Supplied data
________________________________________

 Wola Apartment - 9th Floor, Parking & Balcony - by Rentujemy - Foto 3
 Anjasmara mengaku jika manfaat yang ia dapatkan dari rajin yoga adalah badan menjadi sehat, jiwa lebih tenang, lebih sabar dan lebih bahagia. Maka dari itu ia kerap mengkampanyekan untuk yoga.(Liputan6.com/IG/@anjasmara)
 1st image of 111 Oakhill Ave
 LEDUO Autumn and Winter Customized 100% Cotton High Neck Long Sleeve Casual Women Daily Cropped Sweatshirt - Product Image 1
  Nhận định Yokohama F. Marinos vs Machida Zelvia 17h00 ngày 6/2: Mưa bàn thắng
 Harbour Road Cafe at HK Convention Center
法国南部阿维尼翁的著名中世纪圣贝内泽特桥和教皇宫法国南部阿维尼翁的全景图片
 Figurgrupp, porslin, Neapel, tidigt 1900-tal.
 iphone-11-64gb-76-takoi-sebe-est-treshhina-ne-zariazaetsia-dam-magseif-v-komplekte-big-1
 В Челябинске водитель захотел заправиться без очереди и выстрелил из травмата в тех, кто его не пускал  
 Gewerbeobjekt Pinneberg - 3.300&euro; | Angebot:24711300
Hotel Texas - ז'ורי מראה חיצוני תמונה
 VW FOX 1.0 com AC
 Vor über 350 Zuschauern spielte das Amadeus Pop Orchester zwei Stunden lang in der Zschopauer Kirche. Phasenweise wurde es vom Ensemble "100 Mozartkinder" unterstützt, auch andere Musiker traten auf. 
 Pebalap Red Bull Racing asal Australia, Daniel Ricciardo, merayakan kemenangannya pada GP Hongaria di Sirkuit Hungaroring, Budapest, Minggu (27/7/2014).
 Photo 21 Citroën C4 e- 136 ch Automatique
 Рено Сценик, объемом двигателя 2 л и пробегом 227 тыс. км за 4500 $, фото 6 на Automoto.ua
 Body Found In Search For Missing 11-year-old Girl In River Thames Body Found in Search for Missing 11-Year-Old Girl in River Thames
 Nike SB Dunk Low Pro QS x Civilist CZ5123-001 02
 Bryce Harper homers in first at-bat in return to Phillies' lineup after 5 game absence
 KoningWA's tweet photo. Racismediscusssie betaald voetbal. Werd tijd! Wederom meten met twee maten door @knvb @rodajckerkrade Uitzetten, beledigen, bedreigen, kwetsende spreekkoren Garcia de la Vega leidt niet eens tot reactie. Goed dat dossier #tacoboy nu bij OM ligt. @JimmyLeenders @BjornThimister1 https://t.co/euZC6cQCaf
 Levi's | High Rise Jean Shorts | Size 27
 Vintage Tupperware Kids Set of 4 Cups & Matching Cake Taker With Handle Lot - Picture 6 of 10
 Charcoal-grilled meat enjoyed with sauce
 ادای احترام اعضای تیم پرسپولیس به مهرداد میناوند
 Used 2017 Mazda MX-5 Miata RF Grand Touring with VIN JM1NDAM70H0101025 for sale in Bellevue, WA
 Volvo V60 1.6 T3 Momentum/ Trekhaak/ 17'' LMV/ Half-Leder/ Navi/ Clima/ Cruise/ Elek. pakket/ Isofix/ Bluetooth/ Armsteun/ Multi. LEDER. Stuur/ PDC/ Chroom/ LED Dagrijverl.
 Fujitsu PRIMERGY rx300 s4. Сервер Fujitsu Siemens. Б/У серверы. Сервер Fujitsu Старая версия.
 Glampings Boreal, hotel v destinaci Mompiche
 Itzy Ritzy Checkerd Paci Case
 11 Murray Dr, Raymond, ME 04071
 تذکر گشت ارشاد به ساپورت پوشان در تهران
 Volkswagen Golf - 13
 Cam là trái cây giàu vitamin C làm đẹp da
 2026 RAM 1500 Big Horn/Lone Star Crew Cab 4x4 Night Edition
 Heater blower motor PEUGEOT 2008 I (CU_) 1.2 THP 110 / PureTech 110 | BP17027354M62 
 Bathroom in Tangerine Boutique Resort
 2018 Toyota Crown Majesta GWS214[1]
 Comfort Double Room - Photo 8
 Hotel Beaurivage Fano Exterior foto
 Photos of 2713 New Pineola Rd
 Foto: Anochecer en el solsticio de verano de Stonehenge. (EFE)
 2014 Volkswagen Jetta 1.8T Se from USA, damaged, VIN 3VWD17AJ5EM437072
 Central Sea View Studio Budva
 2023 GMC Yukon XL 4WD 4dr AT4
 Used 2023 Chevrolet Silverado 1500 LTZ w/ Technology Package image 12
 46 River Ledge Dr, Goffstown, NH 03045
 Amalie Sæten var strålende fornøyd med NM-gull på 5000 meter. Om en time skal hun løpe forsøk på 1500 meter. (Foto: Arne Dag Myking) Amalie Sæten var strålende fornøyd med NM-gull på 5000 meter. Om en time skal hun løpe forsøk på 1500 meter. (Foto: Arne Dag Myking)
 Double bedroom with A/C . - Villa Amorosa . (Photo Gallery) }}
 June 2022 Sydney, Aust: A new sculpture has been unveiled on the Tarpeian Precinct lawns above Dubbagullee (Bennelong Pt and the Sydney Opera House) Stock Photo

________________________________________

Exercise
Give back, unchanged, the run of lines in the listing above that begins at the line containing "Hotel Texas - ז'ורי מראה חיצוני תמונה" and ends at the line containing "Рено Сценик, объемом", both included.

Expected output
Hotel Texas - ז'ורי מראה חיצוני תמונה
 VW FOX 1.0 com AC
 Vor über 350 Zuschauern spielte das Amadeus Pop Orchester zwei Stunden lang in der Zschopauer Kirche. Phasenweise wurde es vom Ensemble "100 Mozartkinder" unterstützt, auch andere Musiker traten auf. 
 Pebalap Red Bull Racing asal Australia, Daniel Ricciardo, merayakan kemenangannya pada GP Hongaria di Sirkuit Hungaroring, Budapest, Minggu (27/7/2014).
 Photo 21 Citroën C4 e- 136 ch Automatique
 Рено Сценик, объемом двигателя 2 л и пробегом 227 тыс. км за 4500 $, фото 6 на Automoto.ua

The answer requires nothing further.